Specialist fronting and program service insurer State National Companies has acquired the first of the shell insurance companies it said recently it would purchase to underwrite business exclusively for its program arrangement with ILS manager Nephila Capital.
State National’s most recent quarterly results revealed that the company would use “commercially reasonable efforts to acquire one admitted and one non-admitted property and casualty insurance shell company” which would then be put to work to underwrite business specifically for ILS and catastrophe risk investment manager Nephila.
The program arrangement between State National and Nephila Capital enables the ILS manager to bring its reinsurance risk capital closer to the risk, by directly backing insurance fronted through State National.
The acquisition of shell insurers for the Nephila program will provide the ILS manager with additional flexibility in deploying capacity, the ability for it to brand the insurance paper as its own and the opportunity to grow this aspect of the business, as it seeks to put third-party investor backed reinsurance capital directly behind property catastrophe insurance risks.
State National announced on Friday that a subsidiary, State National Insurance Company, Inc., has entered into an agreement to acquire a shell insurer named United National Specialty Insurance Company from Diamond State Insurance Company for $7.35 million, excluding the capital and surplus.
United National Specialty Insurance Company is an admitted shell insurance company with licenses in 49 of the U.S. states (all excluding Pennsylvania).
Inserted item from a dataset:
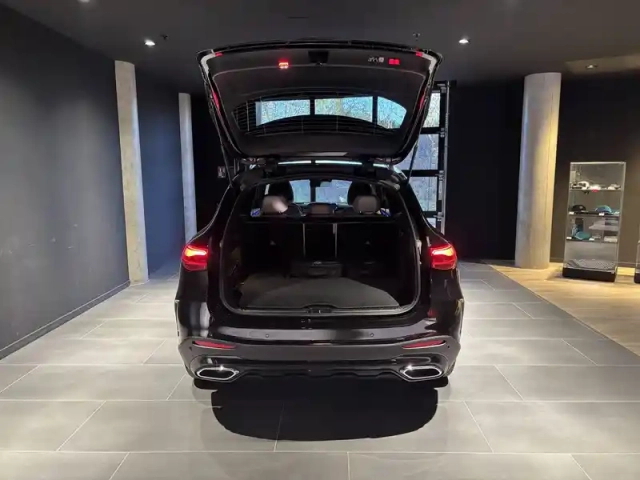 Mercedes Glc 300 de hybrid eq 9g-tronic 4matic — photo 21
This is the first of the shell insurers to be purchased for the Nephila Capital program. State National executives discussed the development on the firms recent earnings call, saying that this would “further enhance” the relationship between the two firms.
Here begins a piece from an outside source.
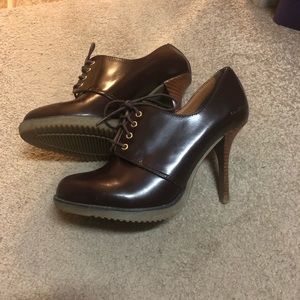 Dr. Marten’s Heeled Booties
David Hale, CFO and COO of State National, said that the acquisition of the shell insurers, beginning with this company, would for Nephila “solidify their infrastructure” as they increasingly provide risk capital to back primary property insurance business.
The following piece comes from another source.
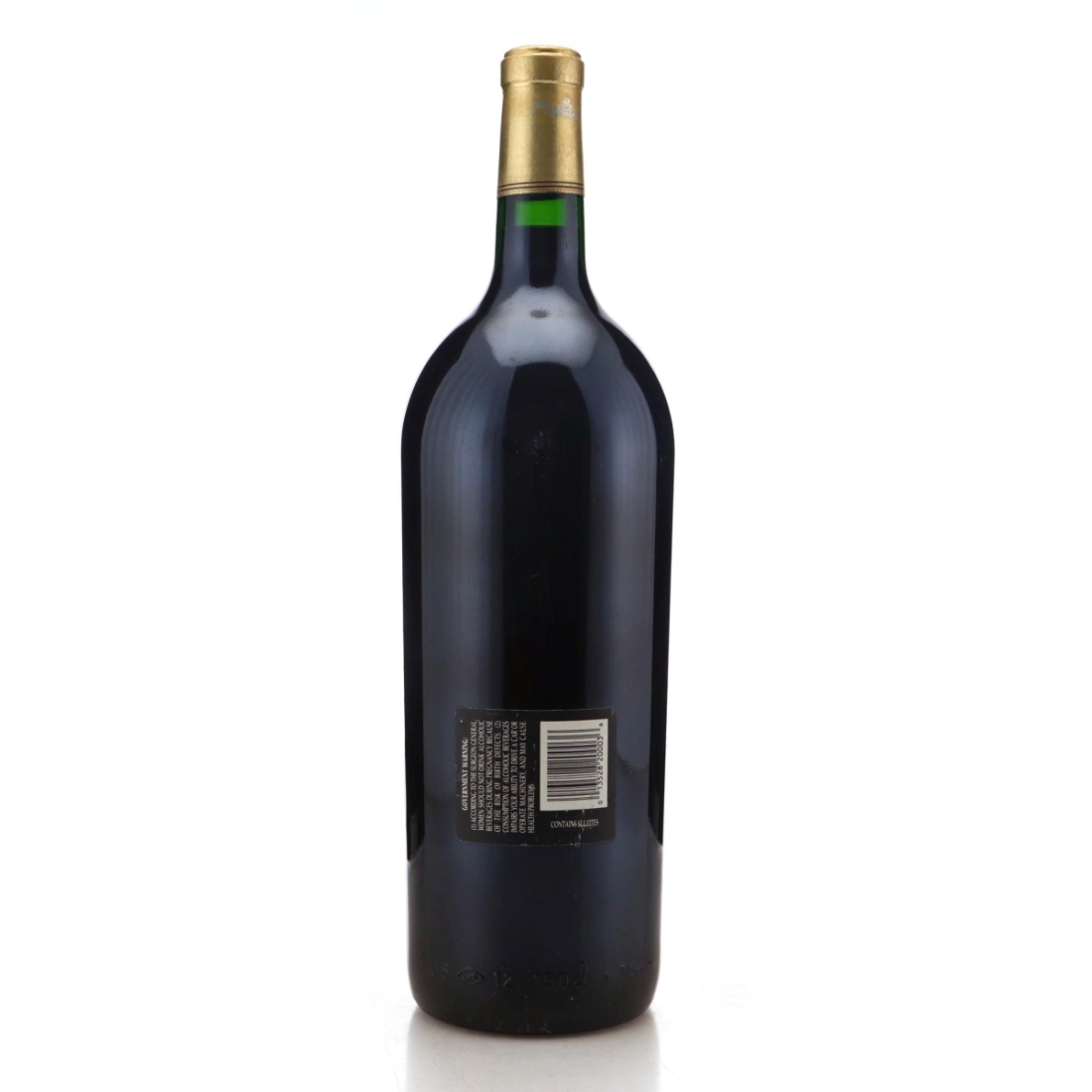 Image for Shafer 1993 Merlot Magnum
Following the acquisition, the shell insurers will have a three-year period of premium production as part of State National, after which Nephila will have an option to acquire the insurers themselves.
Hale explained that if Nephila exercise this option to buy the insurers “contractual minimum payments to State National will extend by an additional two years, to at least 2021.”
Hale continued; “The exercising of the option would be beneficial to Nephila, in part due to the ability to monetise their investment in catastrophe exposed property insurance.
“This is likewise beneficial to State National, in that our model would be validated as a proven conduit by which alternative capital can access the primary insurance market.”
If Nephila doesn’t exercise the option to buy the shell insurers from State National their capacity would continue to be used “for the ongoing growth and expansion of the Nephila relationship,” Hale explained.
Through the shell insurers Nephila Capital will be able to access the type of business they want to write, using dedicated insurance paper, backed up by their reinsurance risk capital.
State National CEO Terry Ledbetter said that this is a “transformative structure” in the re/insurance industry, giving capital closer and more direct access to risk.
State National also explained a little more detail behind the reinsurance arrangement that was revealed in the carriers recent quarterly filing, which we discussed last week here.
It relates to an agreement entered into and effective from January 1st 2016 under which State National will, at Nephila’s request, transfer some of the risk that would otherwise be reinsured by Nephila to other excess reinsurers.
According to State National this is due to a change in the structure of the arrangement, which in the past saw the risk reinsured through Nephila’s Ananke Re vehicle, but will in future see the Lloyd’s of London syndicate 2357 acting as a counterparty instead.
So instead of collateral in trust from Ananke, State National will receive access to the Lloyd’s syndicate trusts instead, the executives explained, and as business is ceded through to the Nephila syndicate some other reinsurers will also take some of the risk through the new excess reinsurance arrangements.
The switch to using the Lloyd’s syndicate will likely add extra efficiency to the arrangement for Nephila, perhaps allowing the firm to take advantage of the Lloyd’s central fund as an added strength, as it channels the risk back to its investment funds.
It’s clear that the fronting arrangement between State National and Nephila Capital is destined to grow in importance, as the pair put in place structures and mechanisms to make the transfer of insurance risk to capital as efficient as possible.
It’s fascinating to see Nephila Capital make use of its various structures and arrangements to secure more direct access to risk, bringing its reinsurance risk capital as close to the consumer as possible. In this way the efficiency of ILS capital can flow right through to the insurance product, benefiting consumers, and also helping Nephila to originate risk more directly and efficiently as well.
Subject to regulatory approvals and closing conditions, State National’s acquisition of the shell insurer for Nephila is expected to complete by the end of the third quarter of 2016.